As it gradually turned out, SLAs, capex converted to opex, flexibility etc would be the key benefits expected from 2.0. It would be more about vision and here the IT team would be business focused who will identify what needs to be done and then identify an IT service provider that will give that value. It will also underline CIO’s role in negotiating.

If 1.0 was about focus on costs, SLAs, uptime and maintenance of IT architecture, 2.0 would be more transformational and user oriented, where SLA on business value and drivers would take centre stage.

Another interesting facet that came out was how much power incumbent vendor holds.

A debate that stirred was on how much could the vendor be allowed to know with Non-Disclosure Agreements (NDAs)? A CIO strongly asked, “Does existing vendor get undue advantage of inside-knowledge of what sells, what politics work, and business nuances of existing organization etc? If so how to incentivise new vendors?”

Venkat then gave an eye-popping analogy as he compared outsourcing relationship to a marriage. “If you break it, there is a clear divorce but then if you can’t work it out in ten years of a contract, then something is wrong. As a partner you should try to make it work.”

Clear expectations however work it or mess it, Pandurang argued. And then there was a rejoinder, “Known enemy is better than known guard.

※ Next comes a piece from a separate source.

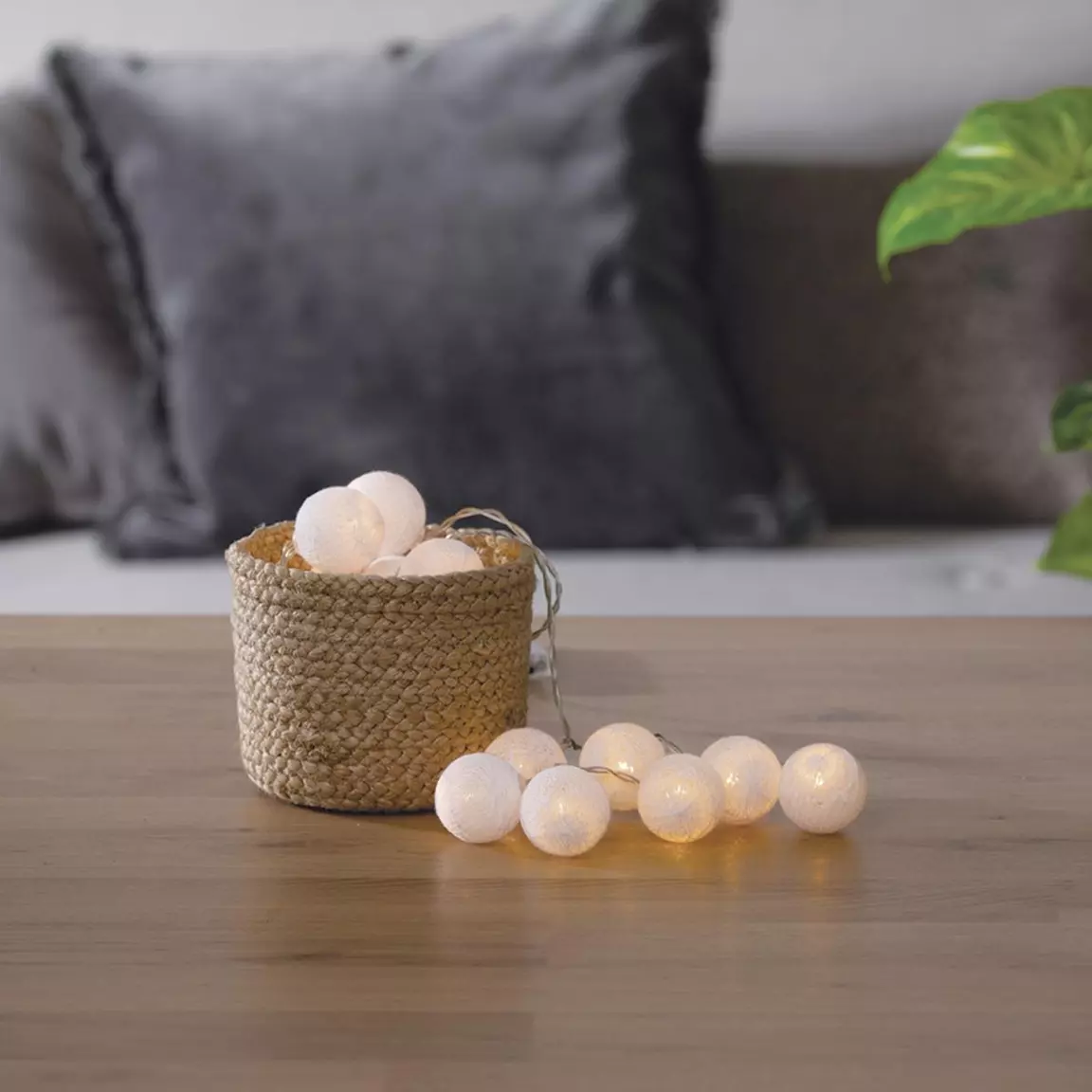 Guirlande lumineuse déco 16 boules 2,4 m Maribel Blanche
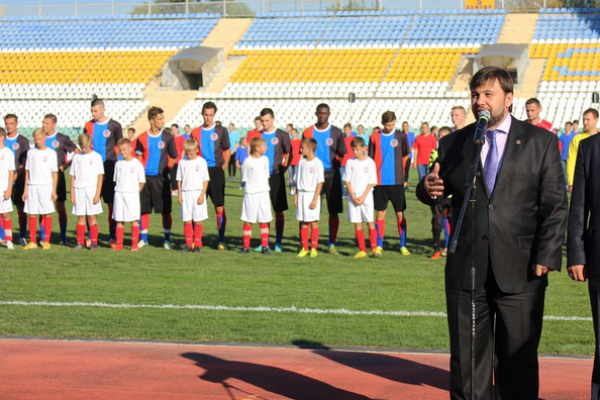 В ответном матче сборных "ДНР" и "ЛНР", дончане "сделали" луганчан со счетом 3:1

No incumbent should be allowed to exploit your weakness.” A CIO stressed.

From the audience CIOs took the analogy into a lighter but thought-provoking vein.

“Even if it’s a marriage it can’t be an Indian marriage. At best it’s an American, European marriage, or contract marriage where inefficient relationships can’t be dragged for the sake of it.” Atul Kumar from Ispat Industries added with another strong comment “2.0 is more an outcome of recession.”

The panel ended with a stimulating question. “Would there be a 3.0 after 2.0 that will mean sunset for a CIO’s career also?”

As Mulki answered, “Today CIO is a technologist who is business aware. It would be vice versa next.”

In another interesting panel discussion moderated by Upal Chakroborty, DLF on ‘Digital Enterprise: Fiction or Possibility’ CIOs talked about many pitfalls, risks and incentives for digitization.

Here areas like what areas to be digitized, security limitations, applications worth it, rural India potential and pitfalls etc and how subjective elements or decision-making areas stay out of scope of digitization came to the fore.

Suresh Shanmugam from Mahindra & Mahindra Financial Services highlighted the issues and opportunities that rural India presents in this context. Ramesh Janarthanam from MIRC Electronics talked about how digitization can help change experiences of vendors, partners and customers. It’s a utopia but a long way to go, mulled the panel.